A search engine like Google could then take my proposed subject labeling of a page (“this is a page about Hegel”) and decide whether I’m a trustworthy judge of that subject. The way it would decide my “subjectworthiness” is analogous to how it decides trustworthiness overall: by how many people link to my site on that same subject. Highly ranked philosophers’ “votes” would count more than low-ranked philosophers’, and so forth.
Possible extensions: if pages were aware of their linkers, this process would become much more interesting. If a number of pages link to me, say on the topics of “the Internet,” “Linux,” and “Hitchcock,” then my server can publish those as “taxonomies that I’m aware of.” When someone links to me, software on the linker’s machine could ask the linker, “This page has already been categorized as a Linux page, a Hitchcock page, and a page about the Internet. Do any of these subjects fit your new link? If not, would you like to add a new topic?” We wouldn’t want taxonomies to become self-reinforcing, so that users would lazily pick “Hitchcock” even if their link was actually about Howard Hawks. But you get the idea: users could very quickly categorize their own data, in effect creating a distributed Yahoo! that does the job much, much better than Yahoo! does.

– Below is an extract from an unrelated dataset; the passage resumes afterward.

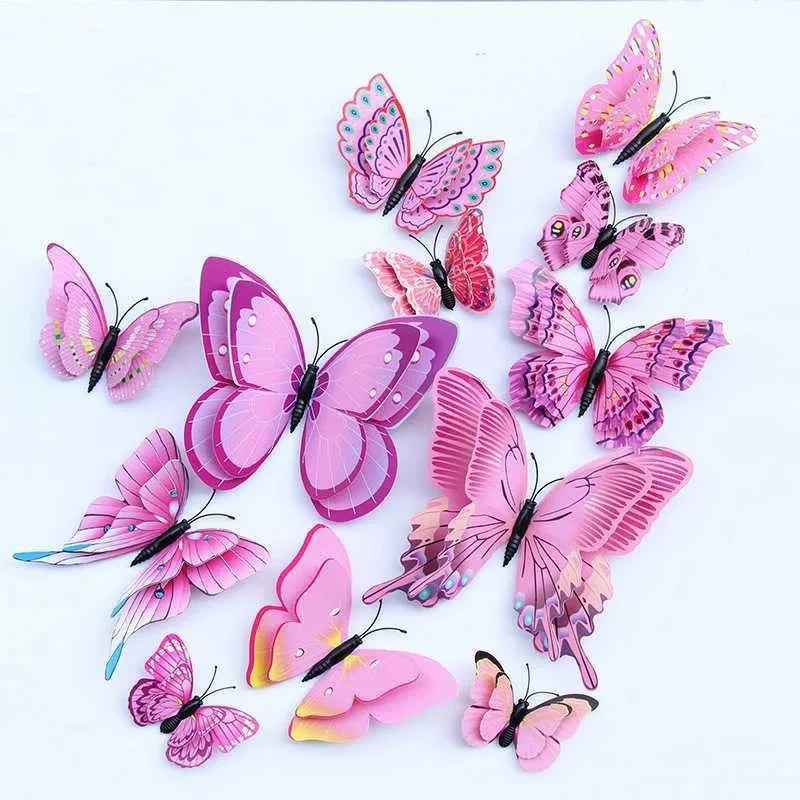 décoration murale papillons 3d adhésifs pvc rose violet blanc brillants 12 pièces différents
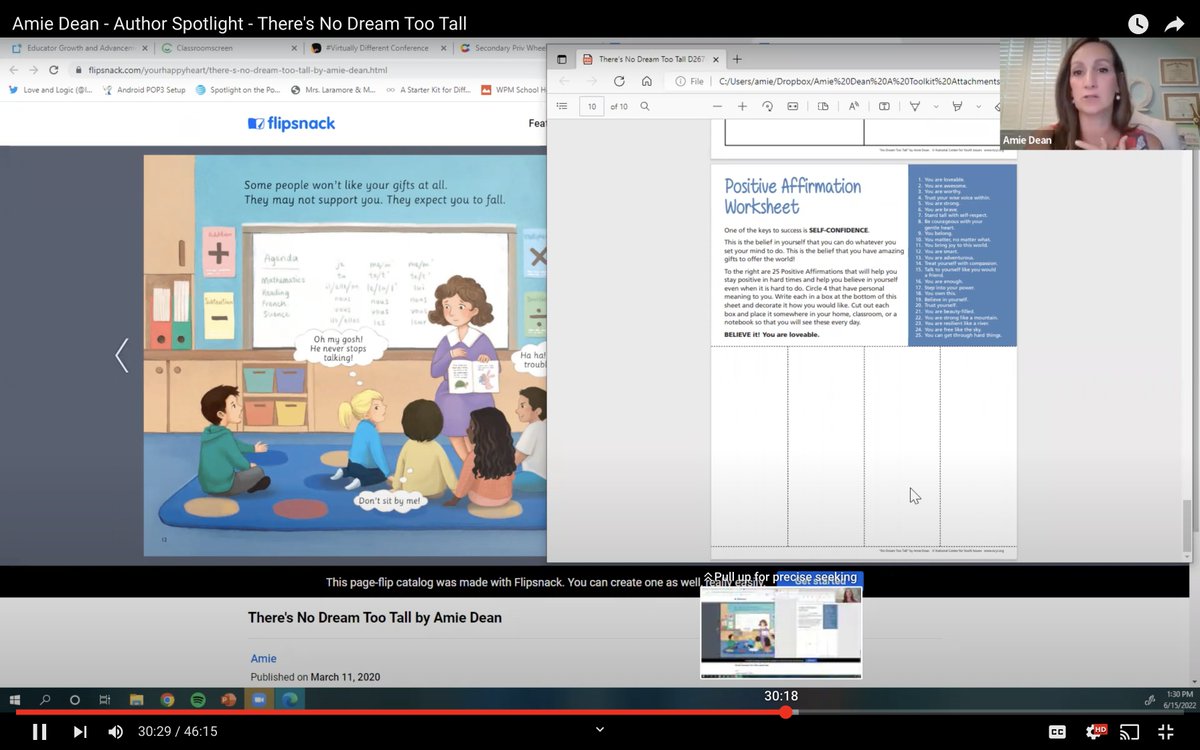mrhartgis's tweet image. 4/4 - In 2022 @KeepInLearning #VirtuallyDifferent Summer Conf, I loved @behaviorqueen&apos;s story about writing &quot;There&apos;s No Dream Too Tall.&quot; Don&apos;t worry about what everyone says your job should be when you grow up. Follow your dreams! Fun illustrations have Easter eggs from her life.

One big moral of the above is simply this: the fundamental language of the Web is the hyperlink. Authors have had their own versions of the hyperlink since well before the Internet, be they academic footnotes or literary allusions. The Web just makes linking easier and richer than it has ever been before.
It also seems that my linking to another site often expresses disdain for that site, rather than a vote of confidence for it; often I link so that I can show others how much of a fool I think the linkee is. Google only counts this as a link, and the most highly linked fools will end up at the top of the list for exactly the wrong reason. So again, there should be a syntax to express the degree of distrust for the person we link. Or at the very least, there should be a Google-specific set of tags that says, “don’t count my vote here!”
The architecture of expressing trust relationships on the Net is in its infancy, but it’s dreadfully important that we make it work. Traditional media maintain their hold over the Net (nytimes.com, cnn.com, abcnews.com, etc.) because they have carried over the public’s trust onto the Web. And yet the great promise of the Net is that more ground-level media such as Weblogs will displace the huge corporations. This won’t happen unless there are reliable ways to measure trust on the Net.